What needs to be done :: Where the word "Golf" appears in a line below, copy the whole line.

Records for this task ::
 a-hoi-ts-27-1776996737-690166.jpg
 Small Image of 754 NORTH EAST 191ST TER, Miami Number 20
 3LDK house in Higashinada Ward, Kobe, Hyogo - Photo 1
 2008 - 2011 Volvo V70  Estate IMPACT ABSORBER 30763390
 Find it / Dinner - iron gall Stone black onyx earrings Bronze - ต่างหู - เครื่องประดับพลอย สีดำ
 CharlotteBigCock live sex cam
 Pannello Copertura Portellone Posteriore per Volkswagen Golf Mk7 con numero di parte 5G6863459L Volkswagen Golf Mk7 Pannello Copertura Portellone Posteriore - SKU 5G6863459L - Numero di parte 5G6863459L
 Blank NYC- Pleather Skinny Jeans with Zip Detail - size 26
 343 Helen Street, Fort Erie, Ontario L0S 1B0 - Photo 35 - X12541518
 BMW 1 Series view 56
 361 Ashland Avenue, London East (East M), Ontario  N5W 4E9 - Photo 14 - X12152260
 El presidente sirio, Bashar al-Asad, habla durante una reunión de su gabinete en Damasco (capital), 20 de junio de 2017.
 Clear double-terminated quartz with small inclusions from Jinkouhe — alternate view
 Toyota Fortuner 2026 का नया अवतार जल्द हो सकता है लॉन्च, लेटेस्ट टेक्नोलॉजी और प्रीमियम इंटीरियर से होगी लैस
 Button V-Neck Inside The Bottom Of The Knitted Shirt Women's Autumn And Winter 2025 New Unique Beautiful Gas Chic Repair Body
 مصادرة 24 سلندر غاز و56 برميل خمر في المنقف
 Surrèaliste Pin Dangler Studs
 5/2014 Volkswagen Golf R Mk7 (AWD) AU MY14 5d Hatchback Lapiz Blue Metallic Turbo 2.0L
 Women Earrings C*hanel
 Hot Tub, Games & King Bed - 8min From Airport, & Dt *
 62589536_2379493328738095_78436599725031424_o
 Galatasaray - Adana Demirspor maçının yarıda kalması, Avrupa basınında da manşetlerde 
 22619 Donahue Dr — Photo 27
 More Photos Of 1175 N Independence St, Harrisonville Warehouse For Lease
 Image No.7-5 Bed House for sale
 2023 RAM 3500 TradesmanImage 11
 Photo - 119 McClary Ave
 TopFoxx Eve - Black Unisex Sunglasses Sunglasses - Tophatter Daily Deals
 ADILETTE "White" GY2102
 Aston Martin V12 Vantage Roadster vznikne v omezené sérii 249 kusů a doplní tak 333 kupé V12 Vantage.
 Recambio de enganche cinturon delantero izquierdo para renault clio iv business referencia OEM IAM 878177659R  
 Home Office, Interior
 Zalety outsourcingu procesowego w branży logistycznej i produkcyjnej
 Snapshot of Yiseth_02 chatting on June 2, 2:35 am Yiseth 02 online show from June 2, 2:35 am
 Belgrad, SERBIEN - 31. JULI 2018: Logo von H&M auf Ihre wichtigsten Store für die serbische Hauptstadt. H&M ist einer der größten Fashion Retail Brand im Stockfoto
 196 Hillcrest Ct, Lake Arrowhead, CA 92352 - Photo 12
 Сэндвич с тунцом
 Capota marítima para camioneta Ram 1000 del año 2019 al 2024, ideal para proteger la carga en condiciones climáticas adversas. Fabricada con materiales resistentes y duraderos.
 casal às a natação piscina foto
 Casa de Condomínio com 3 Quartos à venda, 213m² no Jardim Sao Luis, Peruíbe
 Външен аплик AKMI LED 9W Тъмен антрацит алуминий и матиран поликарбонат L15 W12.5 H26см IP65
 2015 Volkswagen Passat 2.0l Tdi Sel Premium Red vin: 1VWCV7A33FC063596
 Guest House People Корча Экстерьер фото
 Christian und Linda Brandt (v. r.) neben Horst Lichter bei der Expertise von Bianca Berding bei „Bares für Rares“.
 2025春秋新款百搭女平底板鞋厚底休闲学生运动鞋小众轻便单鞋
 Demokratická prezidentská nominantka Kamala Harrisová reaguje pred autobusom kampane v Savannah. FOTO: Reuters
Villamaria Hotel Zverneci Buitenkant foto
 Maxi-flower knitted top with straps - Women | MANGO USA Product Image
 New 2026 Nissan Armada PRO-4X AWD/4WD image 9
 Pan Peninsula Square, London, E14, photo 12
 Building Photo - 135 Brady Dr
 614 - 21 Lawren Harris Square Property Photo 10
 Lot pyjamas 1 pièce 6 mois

Exercise result ::
 Pannello Copertura Portellone Posteriore per Volkswagen Golf Mk7 con numero di parte 5G6863459L Volkswagen Golf Mk7 Pannello Copertura Portellone Posteriore - SKU 5G6863459L - Numero di parte 5G6863459L
 5/2014 Volkswagen Golf R Mk7 (AWD) AU MY14 5d Hatchback Lapiz Blue Metallic Turbo 2.0L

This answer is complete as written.